**Directions for this task**
Give the listing again word for word. Skip the pictures.

**Record excerpts**

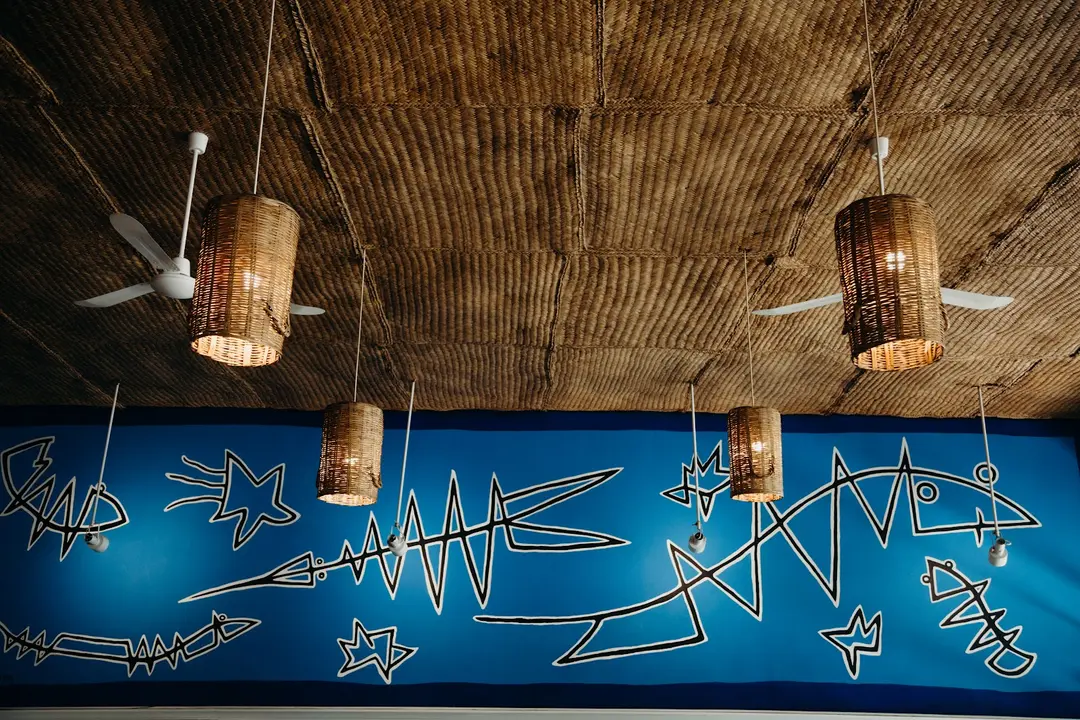 Vibrant Interior Decor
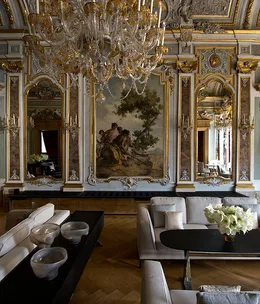 Venice’s floating hotel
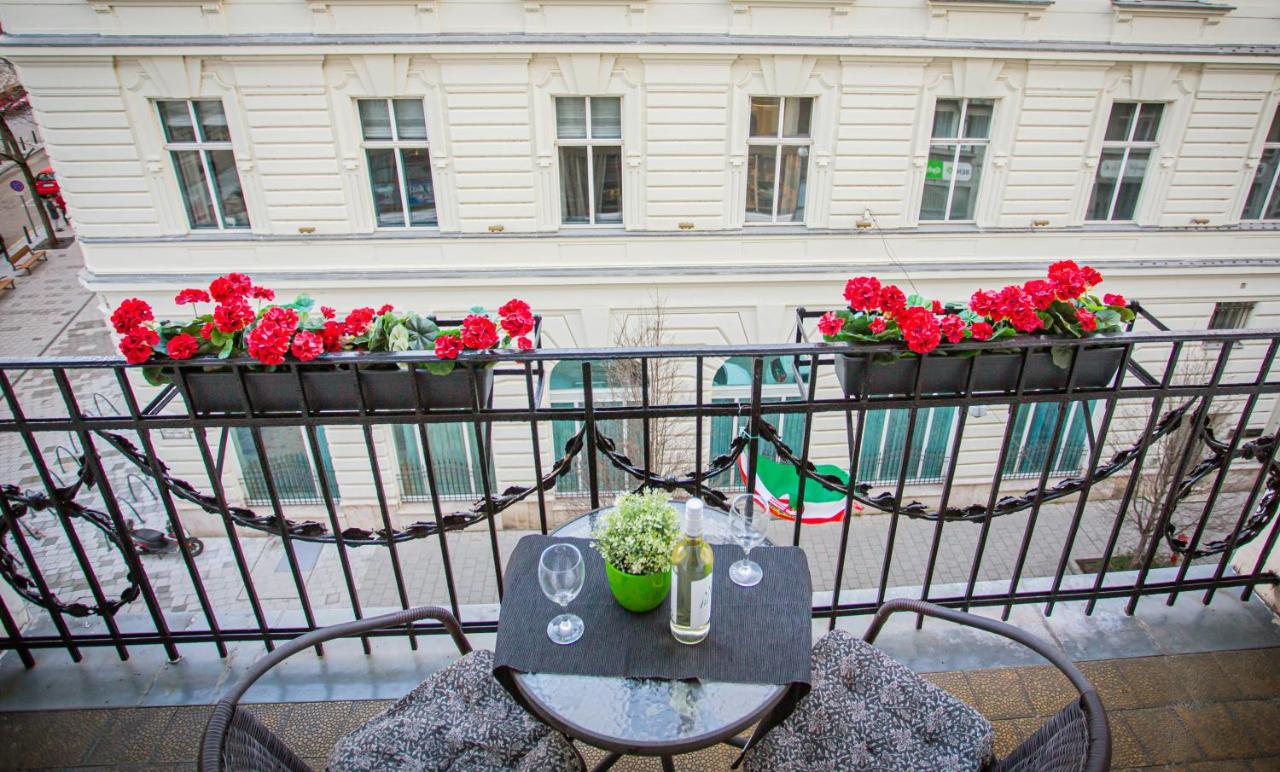Vaci Street * Budapest
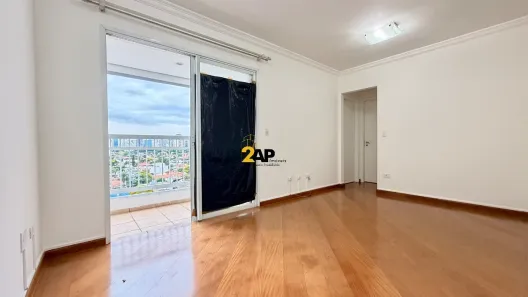 Apartamento com 2 Quartos para alugar, 60m² no Cidade Monções, São Paulo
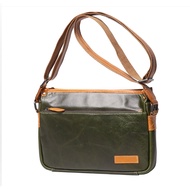 Genuine Leather Shoulder Bag 1 Luxury Cowhide Men's/Women's + AL03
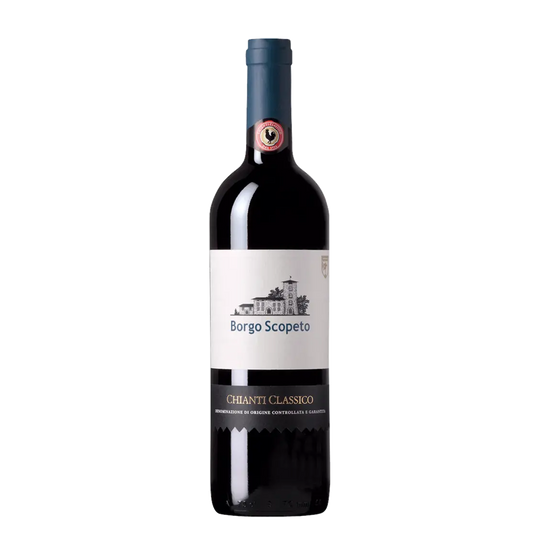 Borgo Scopeto Chianti Classico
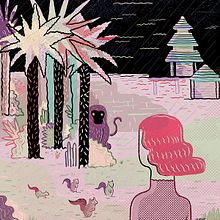 Ilustración editorial. Un proyecto de Ilustración tradicional de Ana Galvañ - 01.01.2015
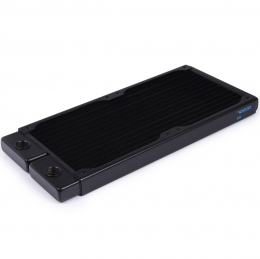 Фото Ультра тонкий медный радиатор Alphacool NexXxoS ST20 HPE 240 мм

**Task solution**
 Vibrant Interior Decor
 Venice’s floating hotel
Vaci Street * Budapest
 Apartamento com 2 Quartos para alugar, 60m² no Cidade Monções, São Paulo
 Genuine Leather Shoulder Bag 1 Luxury Cowhide Men's/Women's + AL03
 Borgo Scopeto Chianti Classico
 Ilustración editorial. Un proyecto de Ilustración tradicional de Ana Galvañ - 01.01.2015
 Фото Ультра тонкий медный радиатор Alphacool NexXxoS ST20 HPE 240 мм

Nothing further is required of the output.